Revista Cultura y Ocio

Wow – @tearsinrain_

Por De Krakens Y Sirenas @krakensysirenas

Subido a la silla, haciendo equilibrios para no caerse, Juan alarga el brazo tanto como puede. Tiene la lengua fuera, un gesto mecánico que hace cuando se esfuerza. Está de puntillas y la rodilla derecha le tiembla ligeramente, no aguantará mucho. ¡Pero está tan cerca! Cuando oye la puerta de la entrada, el corazón le da un brinco y con él, consigue llegar con dedo índice y dedo corazón, tocar lo que buscaba pero no cogerlo, pues le cae al suelo. Los pasos se acercan. El niño baja de encima de la silla a la moqueta, de un salto, recoge lo que tanto le ha costado obtener y lo esconde bajo la almohada de la cama.

– Hola, cariño. Ya estoy en casa, ¿todo bien?

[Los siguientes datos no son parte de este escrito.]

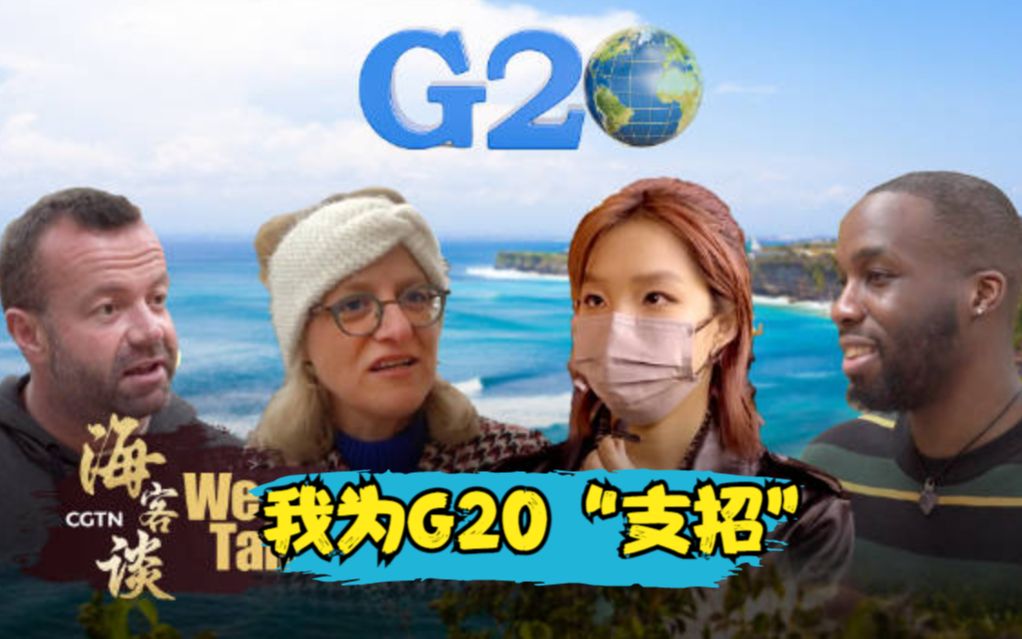 海客谈:我为G20“支招”哔哩哔哩bilibili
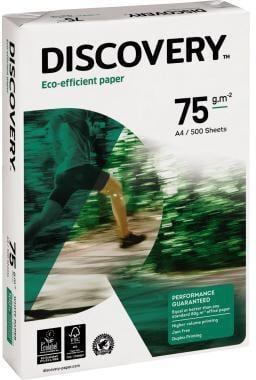 Image du produit Discovery Papier pour imprimante (75 g/m², 2500 x, A4)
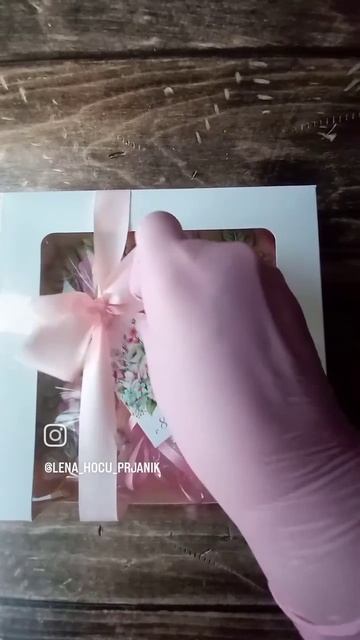 Подарочный набор зефирных сэндвичей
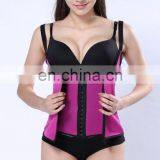 New Zipper Latex Waist Trainer for Women thumbnail-4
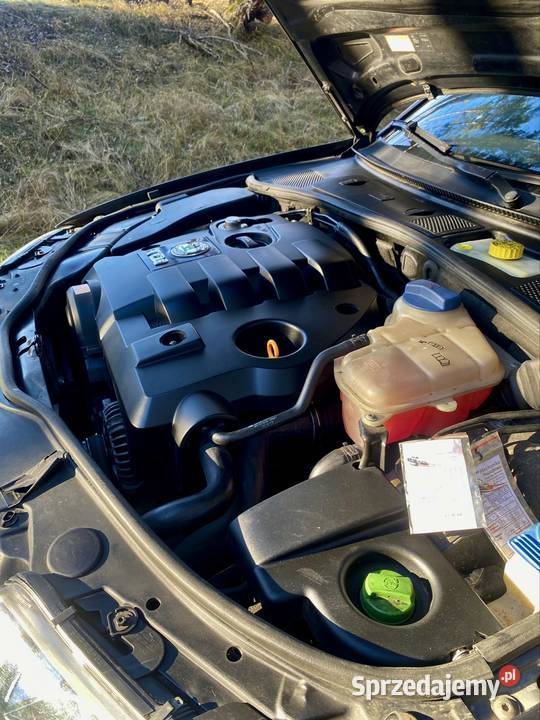 Skoda Superb 19 Tdi 170KM lubuskie Sulechów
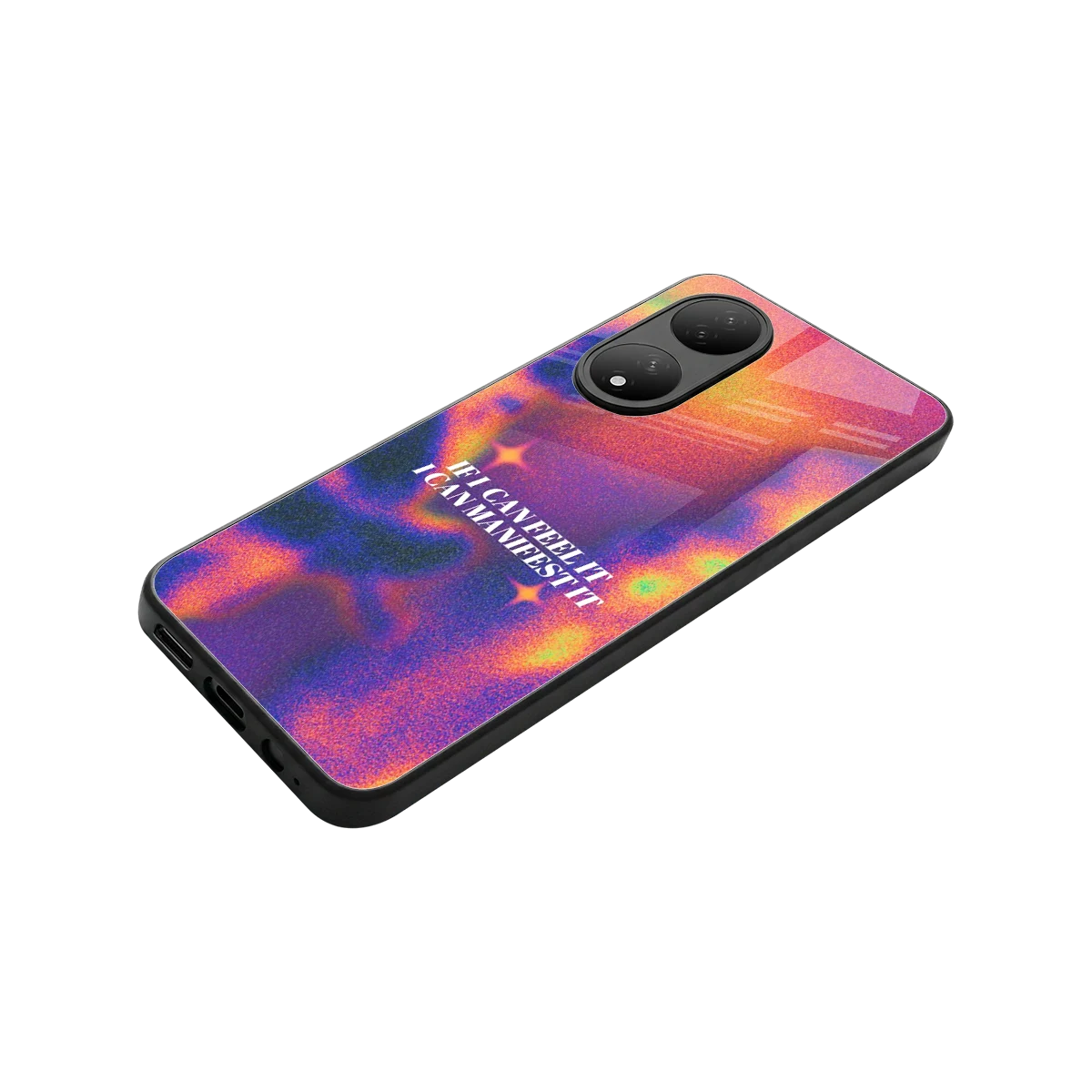 Power Within stylish phone case for Vivo-y100 | glossy glass and slim fit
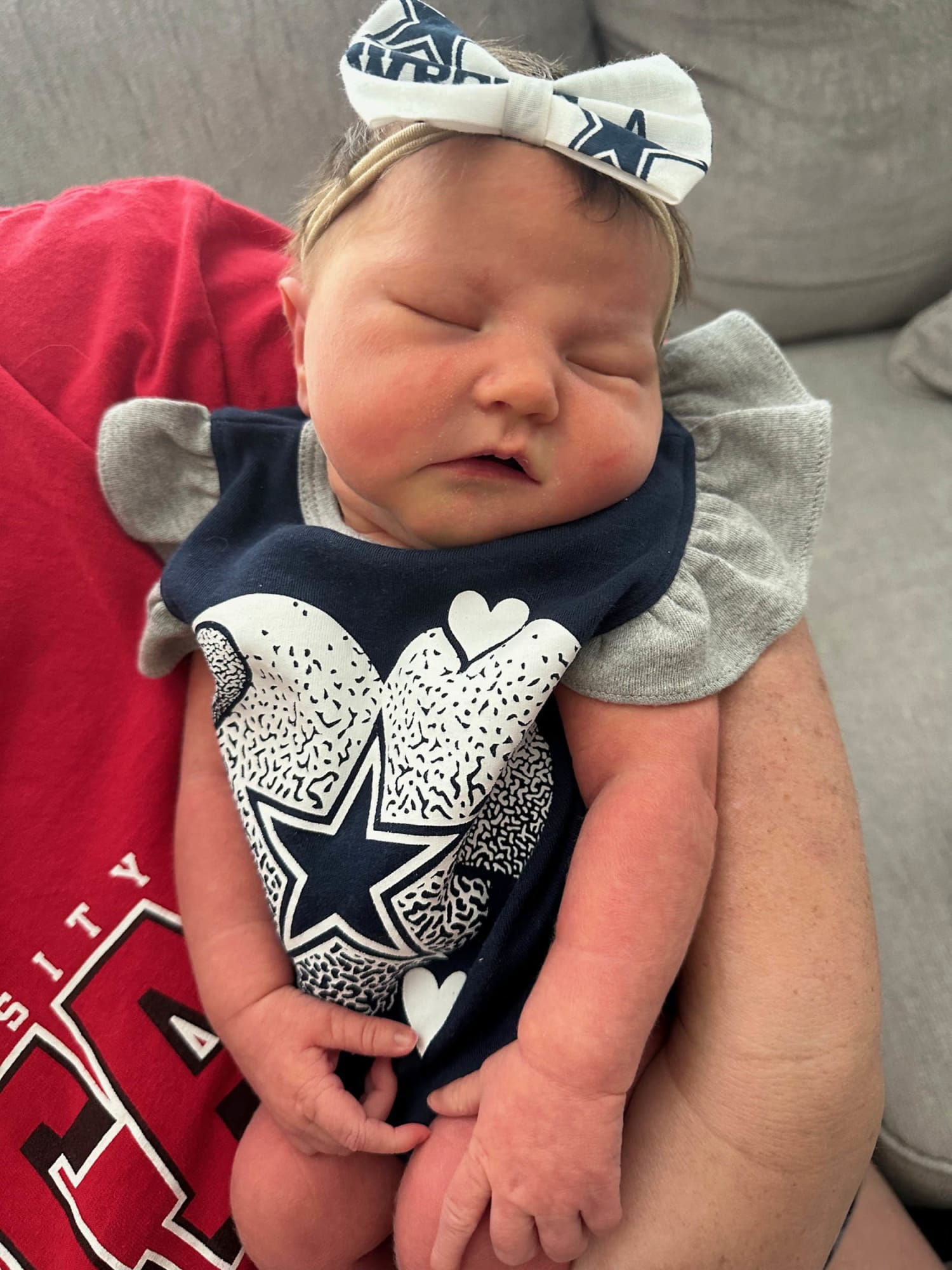 Cowboys Football Outfit Sunday Football Outfit Baby Football 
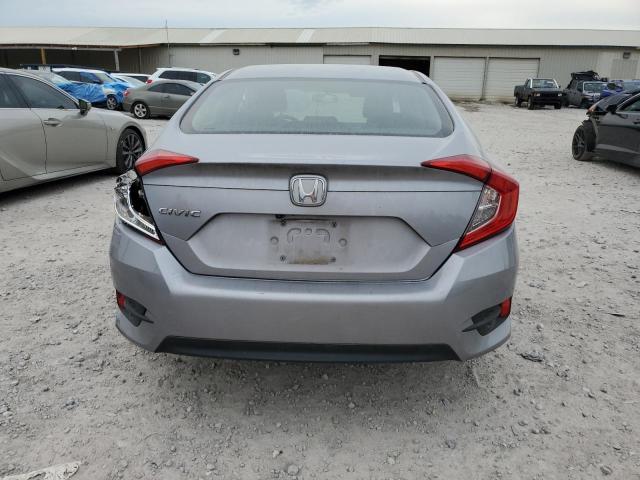 19XFC2F6XKE022686 - 2019 HONDA CIVIC LX SILVER photo 6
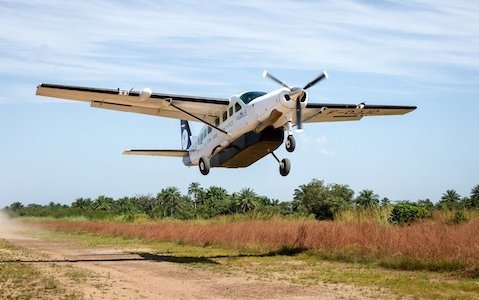 Aviation Sans Fronti&egrave;res serving health industry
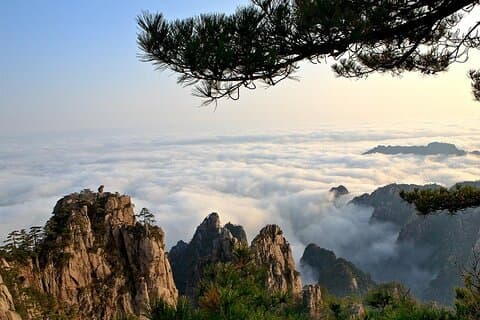 2-daagse tour Private Huangshan Yellow Mountain Tour vanuit Shanghai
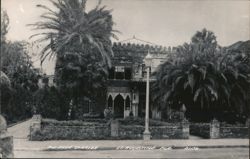 The Villa Zorayda - St. Augustine, Florida Postcard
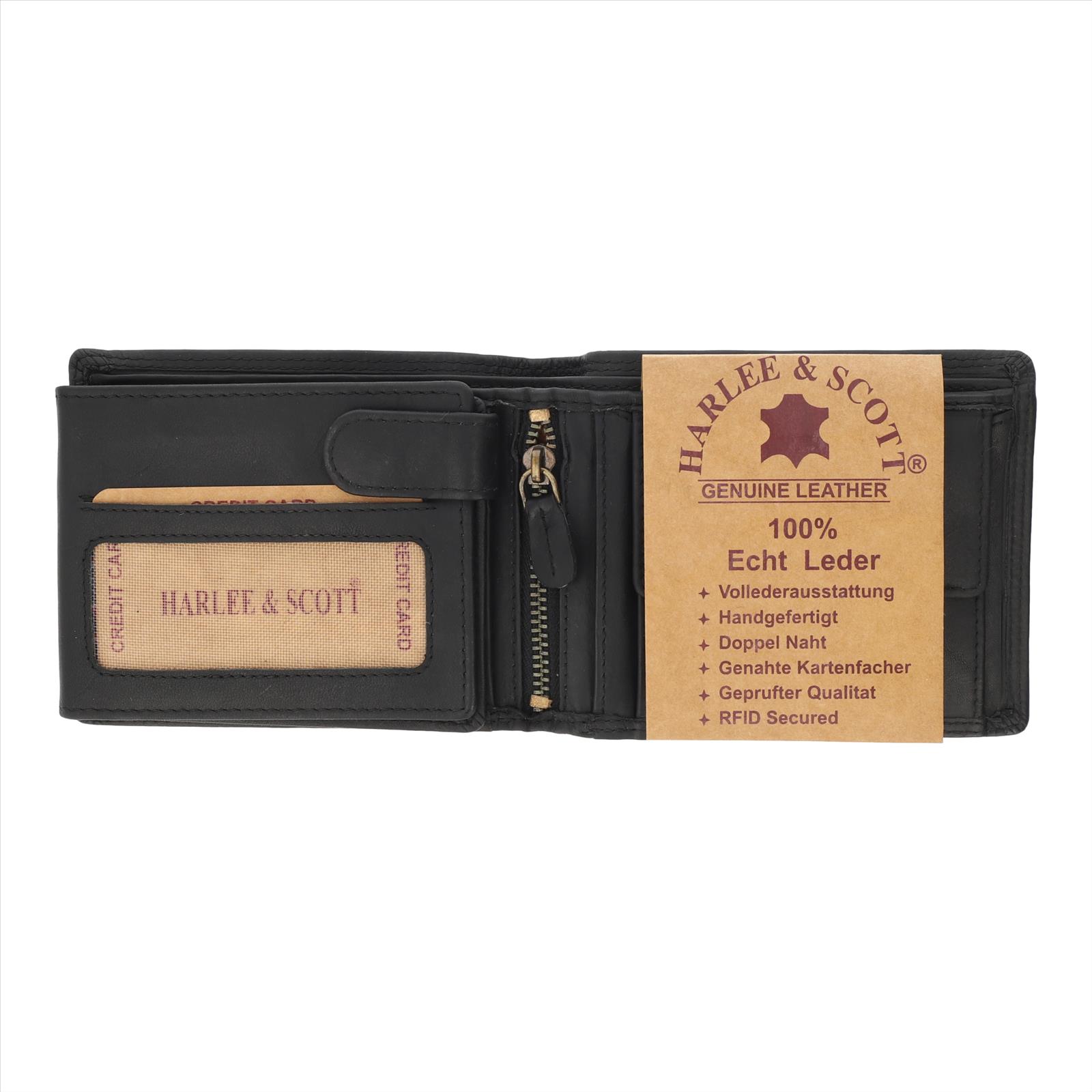 Devrakh Ledermoden GmbH - Geldbörsen, Taschen | Kategorie: Leder Geldbörsen Herren / Harlee & Scott | Angebot: Damen Accessoires, Herren Accessoires, Young Fashion, Leather Wear, Sofortprogramme, Orderware | Adresse: Devrakh Lederwaren Gmbh - Anton-Kux str 2 - 41460 Keuss - Tel: 02131 2913045 - devrakh1919@icloud.com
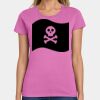 Ladies Heavy Cotton 100% Cotton T Shirt Thumbnail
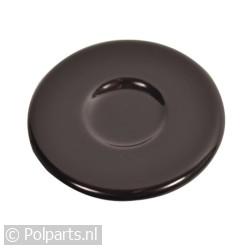 Branderdeksel sudder zwart 45mm C00257565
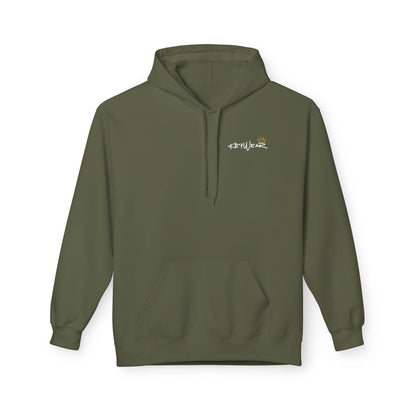 Lets Grow Together Floral Hoodie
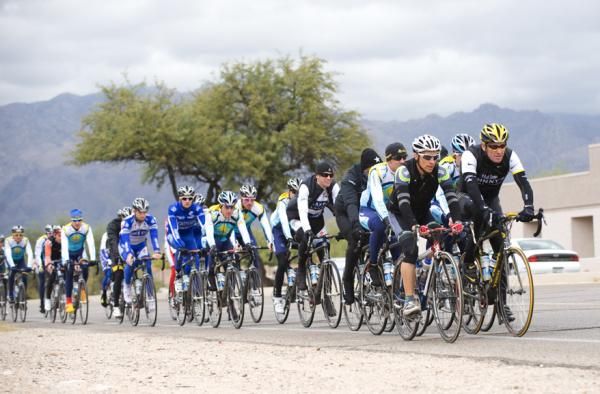 Most of the RadioShack team have made the journey to Tucson, Arizona this week.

– Ahá –afirma el crío con una cara que pretende asegurar que no ha hecho nada mal, pero que le delata.

La madre le mira un momento, hace una mueca que indica que sabe que algo trama, pero está cansada y le quedan cosas por hacer, informa al menor de sus tres hijos que estará un rato en el despacho y luego preparará la cena, le pregunta también si tiene deberes y él afirma que sí, que ahora mismo iba a ponerse a hacerlos.

Cuando la madre se va, dejando entreabierta la puerta de su cuarto, Juan está tentado de disfrutar de lo que ha hurtado, pues no ha sido un robo, sabe la diferencia: el objeto estaba ahí y él simplemente lo ha cogido. De acuerdo, ha tenido que ingeniárselas para cogerlo y, de acuerdo, no es suyo, es de Pablo, del mediano de los tres, el que duerme en la litera de arriba. El hermano mayor que le hace la puñeta constantemente pero que a su tiempo le ayuda cuando es necesario. Se llevan tres años prácticamente exactos. Mira el reloj que cuelga de la pared, el que les regaló el más mayor de los tres antes de marcharse a Londres a estudiar: falta poco para que Pablo vuelva de baloncesto, así que esperará hasta la noche. Sí, mejor. Claro que entonces tiene que esperar que Pablo no se entere de su hurto. Si le acusa, como siempre, lo negará todo. Está nervioso, excitado, emocionado. Intenta serenarse. Lo consigue. Saca los deberes de la bolsa escolar y se pone a hacer la ficha de matemáticas, luego termina el mapa de los ríos y finalmente lee unas cuántas páginas del libro. Es mientras lee como Patrick y Louise entran por segunda vez en la cueva donde hallaron los cadáveres de antiguos piratas, que oye la llegada de Pablo. Se asegura que todo está cubierto, cambia de lugar lo que ha tomado prestado y lo pone entre las sábanas. Se sienta de nuevo y recoge los deberes.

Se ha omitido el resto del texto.